Retakan Ditemukan pada Boeing 737NG Garuda Indonesia dan Sriwijaya Air

Pesawat Boeing 737 Sriwijaya Air di Bandara Internasional SAMS Balikpapan.

Direktorat Kelaikudaran dan Pengoperasian Pesawat Udara (DKPPU) menemukan adanya crack atau retakan pada satu Boeing 737NG Garuda Indonesia dan dua 737NG yang dioperasikan Sriwijaya Air. Demikian disampaikan oleh Direktur DKPPU, Avirianto, setelah melakukan inspeksi khusus atas pesawat 737NG yang beroperasi di Indonesia.

Kata Avirianto,  berdasarkan hasil pemeriksaan yang telah dilakukan oleh DKPPU per tanggal 10 Oktober 2019, terdapat crack pada salah satu dari 3 pesawat B737NG milik Garuda Indonesia yang berumur melebihi 30.000 Flight Cycle Number (FCN). DKPPU juga menemukan  crack pada dua B737NG Sriwijaya Air dari 5 pesawat yang berumur lebih dari 30.000 FCN. Sementara itu, DKPPU tidak menemukan adanya retakan pada 737NG yang dioperasikan oleh  Batik Air dan Lion Air karena keduanya tidak memiliki pesawat yang berumur melebihi 30.000 FCN.

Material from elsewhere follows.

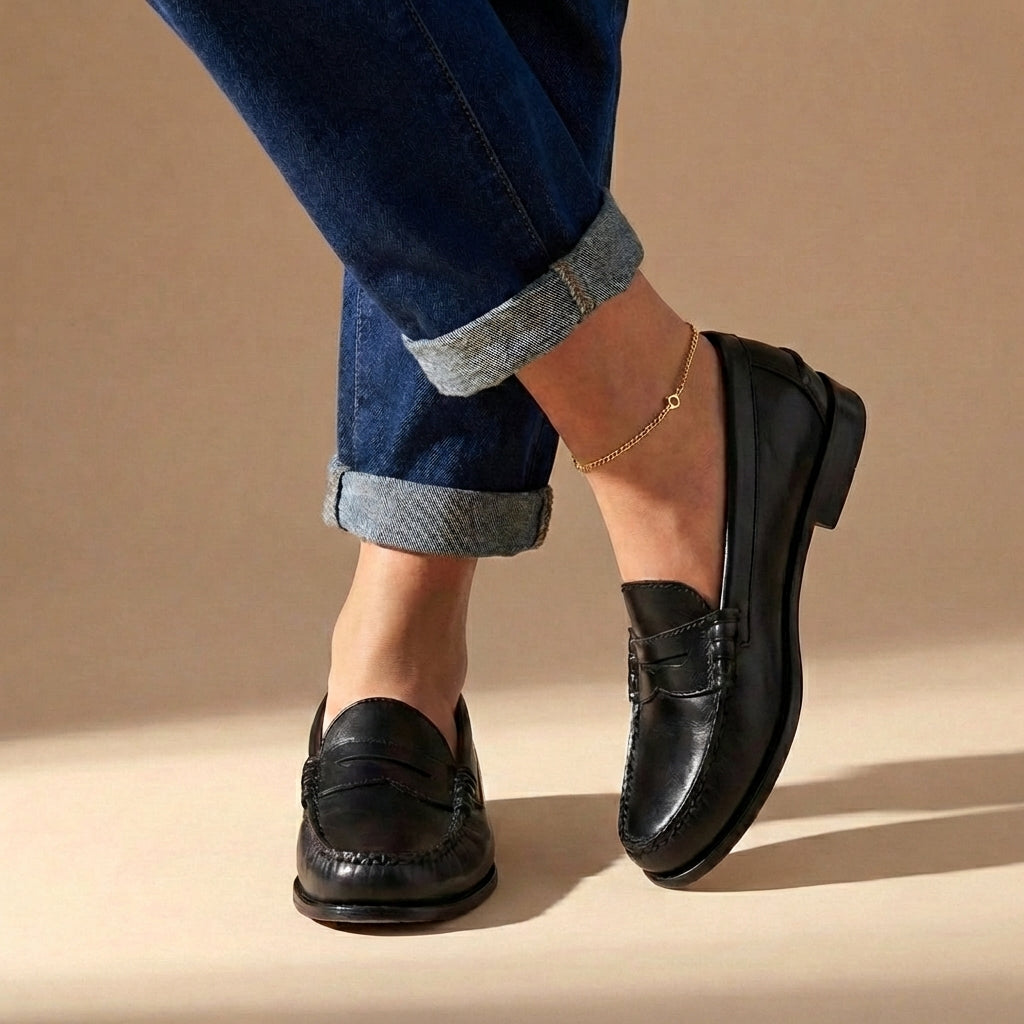 Retro Flat Loafer Pumps Vegan Leather Brushed Plus-Size Casual Shoe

Inspeksi khusus yang dilakukan oleh DKPPU merupakan tindak lanjut dari FAA Airworthiness Directives (AD) Nomor 2019-20-02 terhadap pesawat Boeing B737NG perihal Unsafe Condition.  AD dari FAA ini dikeluarkan setelah FAA menemukan adanya retakan pada  frame fitting outboard chords and failsafe straps adjacent to the stringer S-18A straps. Retakan ini diprediksi dapat  mengakibatkan kegagalan Principal Structural Element (PSE) pada pesawat saat penerbangan berlangsung.

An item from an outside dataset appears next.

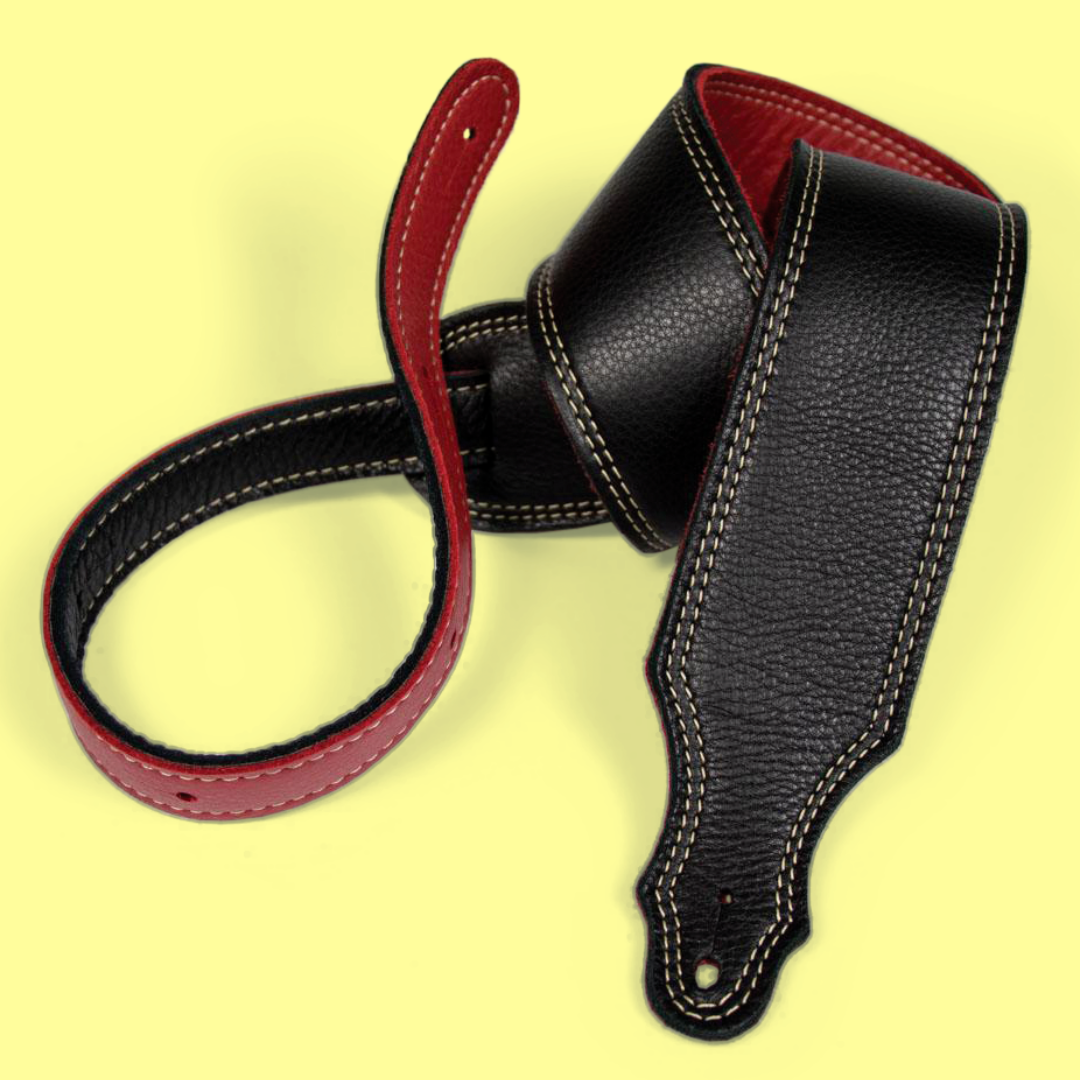 Franklin 2.5" 3-Ply Reversible Glove Leather Strap Black / Red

Menindaklanjuti Airworthiness Directives yang dikeluarkan FAA, DKPPU melakukan inspeksi terhadap seluruh B737NG yang beroperasi di Indonesia. Inspeksi yang dilakukan DKPPU dilakukan terhadap seluruh  B737NG dengan umur akumulasi lebih dari 30.000 FCN, B737NG dengan umur akumulasi lebih dari 22.600 FCN, dan lanjutnya DKPPU akan melakukan inspensi terhadap pesawat jenis ini setiap 3.500 FCN secara berkala.

“Saat ini maskapai yang mengoperasikan pesawat B737NG adalah Garuda Indonesia sebanyak 73 pesawat, Lion Air sebanyak 102 pesawat, Batik Air sebanyak 14 pesawat, dan Sriwijaya Air sebanyak 24 pesawat, kata Avirianto.

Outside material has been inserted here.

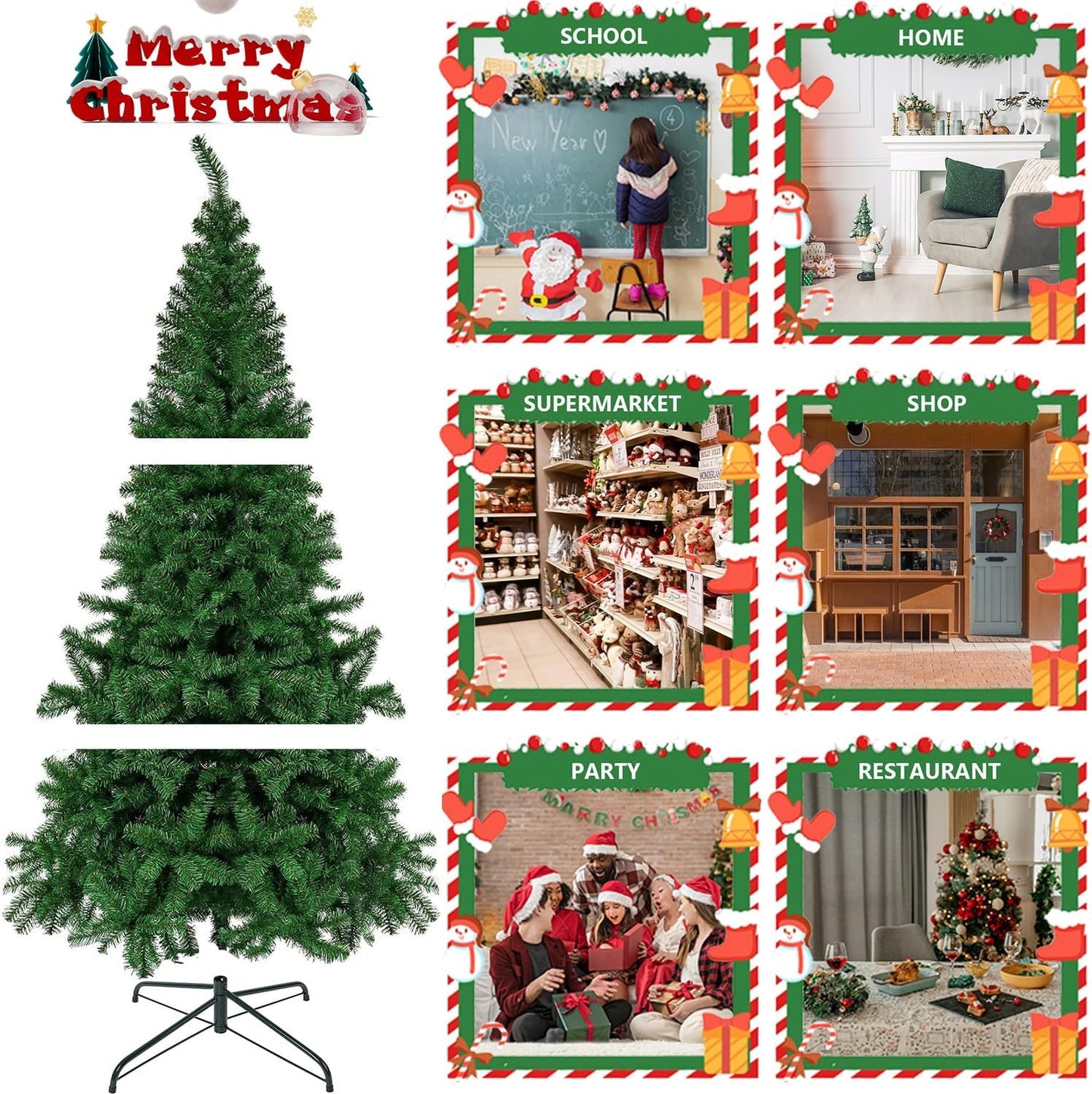 Juegoal 6-Foot Artificial Christmas Tree - 300 LED Warm White & Color Changing Lights | Durable Metal Legs, 850 Tips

Berdasar hasil inspeksi tanggal 10 Oktober 2019, DKPPU memerintahkan kepada operator untuk menghentikan operasional pesawat yang terindikasi mengalami retakan.  Saat ini operasional pesawat telah diberhentikan dan menunggu rekomendasi lebih lanjut dari Boeing sebagai produsen pesawat itu.